During my time as a financial advisor, one of the hardest things to get people to understand, to really understand, is that stocks go down as well as up. Exactly when that will happen is almost impossible to predict, but when it does, fear often takes over and losses happen much quicker than gains.
When you point that out to them they acknowledge the possibility, but when faced with the likes of what we are seeing now they are still shocked, and somehow convince themselves that you, as their advisor, didn’t do enough to warn or protect them.
The simple fact is that stock investing, indeed investing of any kind, carries risk. Ultimately, though, one of the biggest influences on your long-term success or failure is how you respond when that risk makes itself evident and stocks fall.
Making an effort to put things in context can give comfort, and also help you to avoid making decisions that will turn a bad situation into a disaster.

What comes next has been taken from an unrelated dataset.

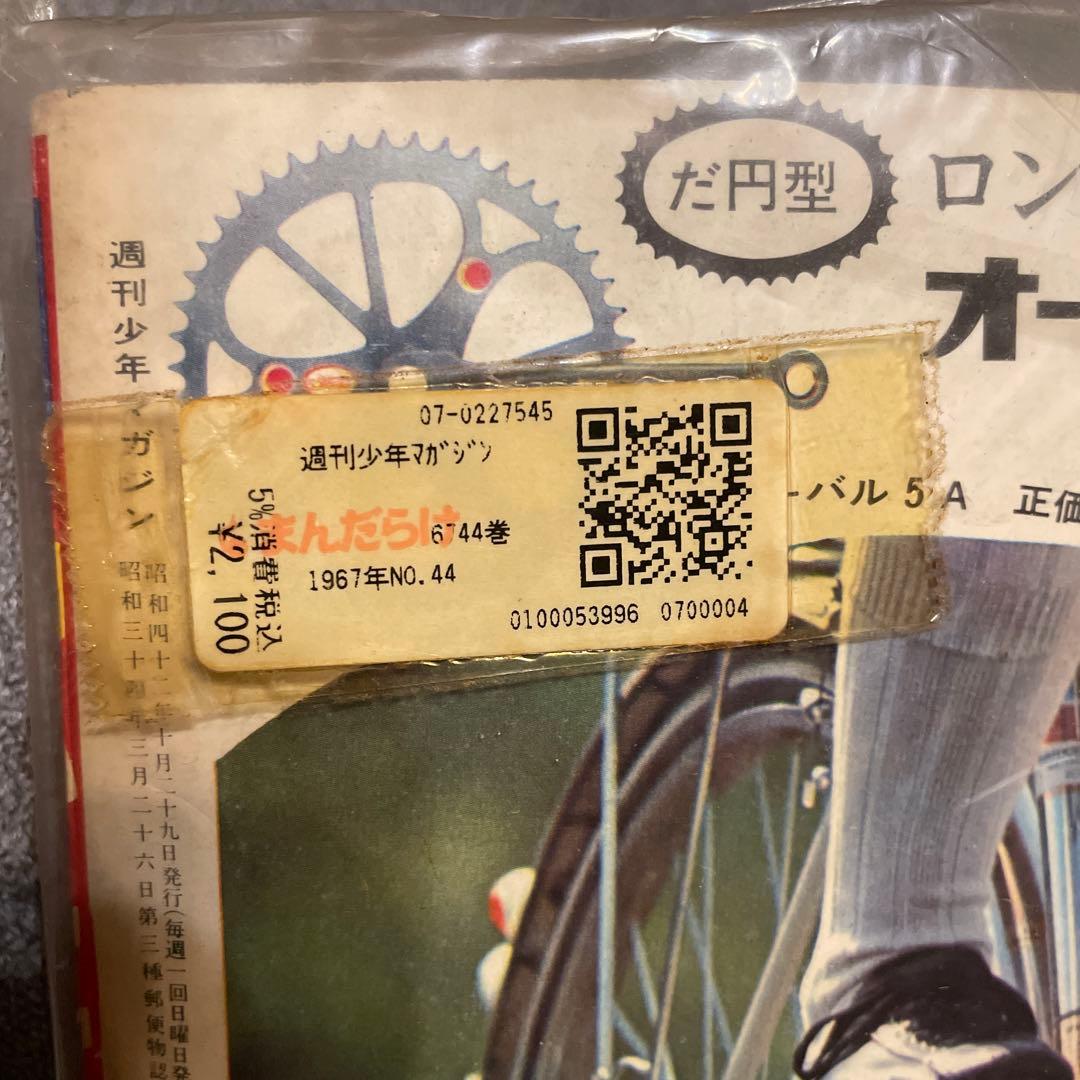 少年マガジン　天才バカボン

The chart above, which shows the S&P 500 futures contract (ES) over the last year, is pretty scary, but if you look at a twenty-year chart for the same thing, it looks a little different.
It is still a big drop, but after such a massive run up, hardly surprising when put in context.
Context also matters when assessing the impact of the decline. For many people the extent of the point drop makes the last few days much scarier than it is. Old people like me can easily remember when a three or four-hundred-point decline in the Dow was big news, so a loss of over a thousand points in a day looks and feels like a calamity.
However, that is a drop of around 4.6%, and over the last twenty years the market has fallen by more than that on twelve occasions. So, as shocking as it may be, this is not a rare event. It is also worth keeping in mind that we started this drop from a record high, so obviously there was no long-term effect from any of those bigger one-day drops.
Even when we look at the chances of this being another 2008-like moment, context can give you comfort, this time by viewing the losses in terms of the overall, fundamental state of the economy. At that time, there was a real fear that the banking system was about to collapse. Banks were taking massive losses on risky mortgage securities and began to doubt the ability of counterparties in the same situation to meet their obligations.
That problem had been brewing for some time before it came to a head. There is, if we trust the evidence, no such problem now. Bank balance sheets are much stronger today, in part due to their natural reaction to the crisis and in part due to mandated protections.
The overall economic picture and outlook are also good. Consumer and business confidence are high, wages are climbing, unemployment is falling, and earnings are at record levels. This has been a sustained recovery from the recession and has naturally accelerated near the end.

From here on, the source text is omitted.